== What to work on ==
Word for word, restate the lines of the data below between those holding "Stufenstehleiter 2 x 5 Stufen, Länge 1,25 m" and "Rachel Galley Moissanite", inclusive; pictures do not belong in the copy.

*** Provided records

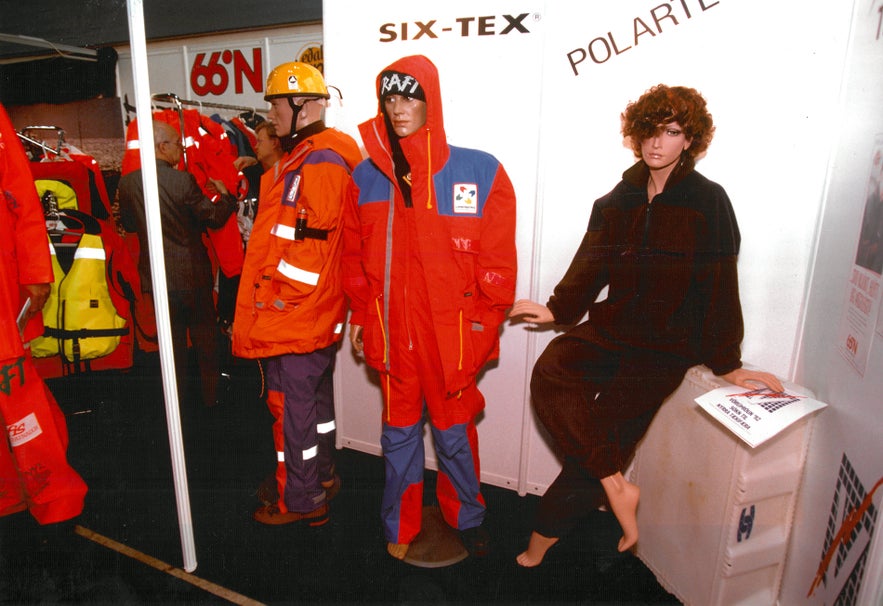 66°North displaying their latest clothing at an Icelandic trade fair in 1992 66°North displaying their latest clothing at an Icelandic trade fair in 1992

******
*** Provided records

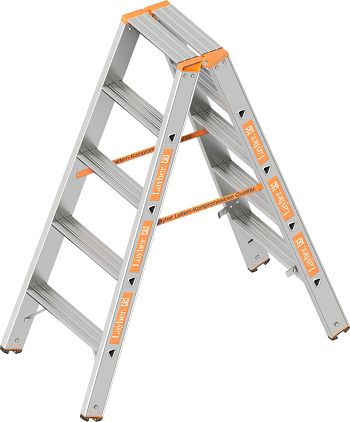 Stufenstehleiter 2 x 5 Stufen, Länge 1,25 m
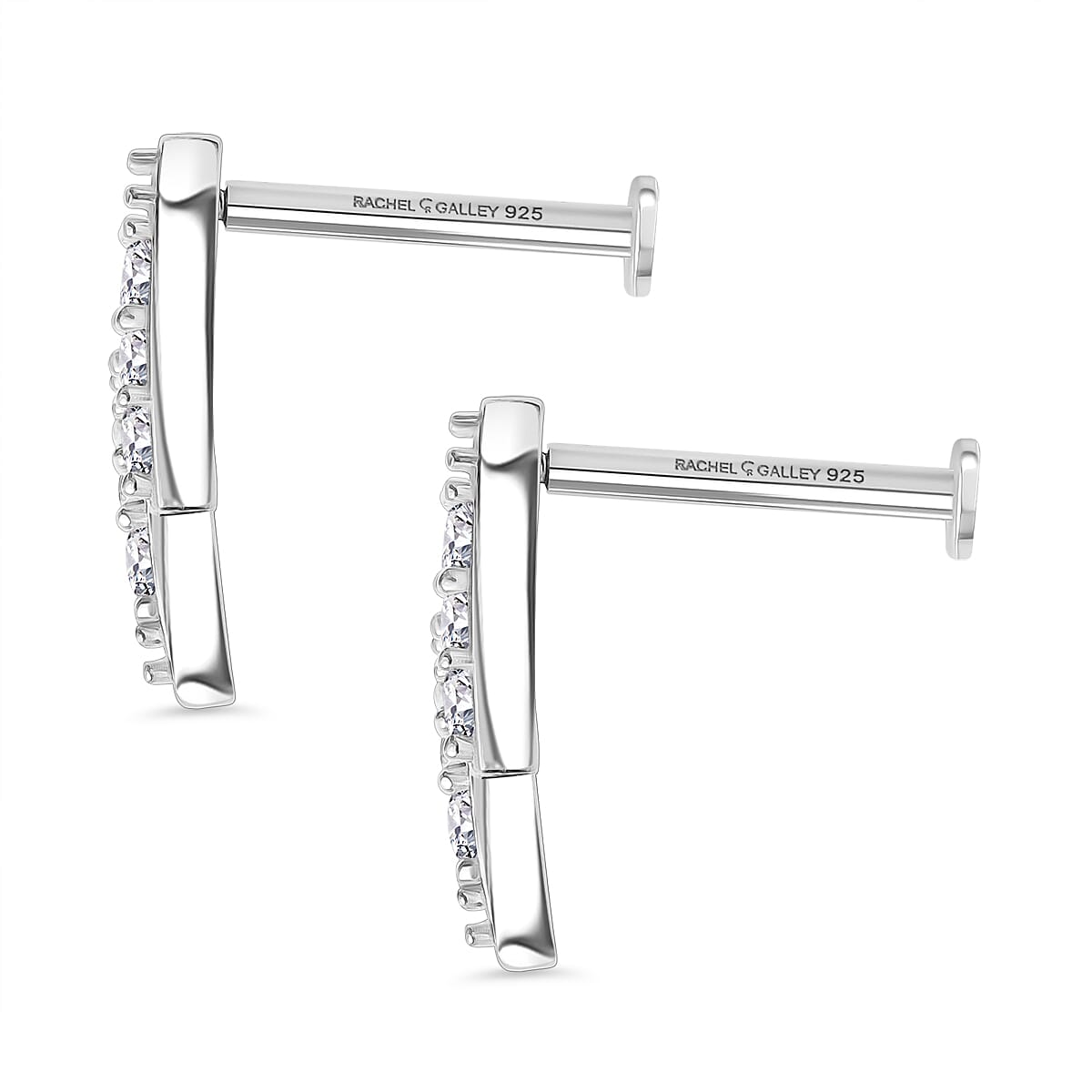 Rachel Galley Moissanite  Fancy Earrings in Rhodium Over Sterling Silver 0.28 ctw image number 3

******

== Solution below ==
 Stufenstehleiter 2 x 5 Stufen, Länge 1,25 m
 Rachel Galley Moissanite  Fancy Earrings in Rhodium Over Sterling Silver 0.28 ctw image number 3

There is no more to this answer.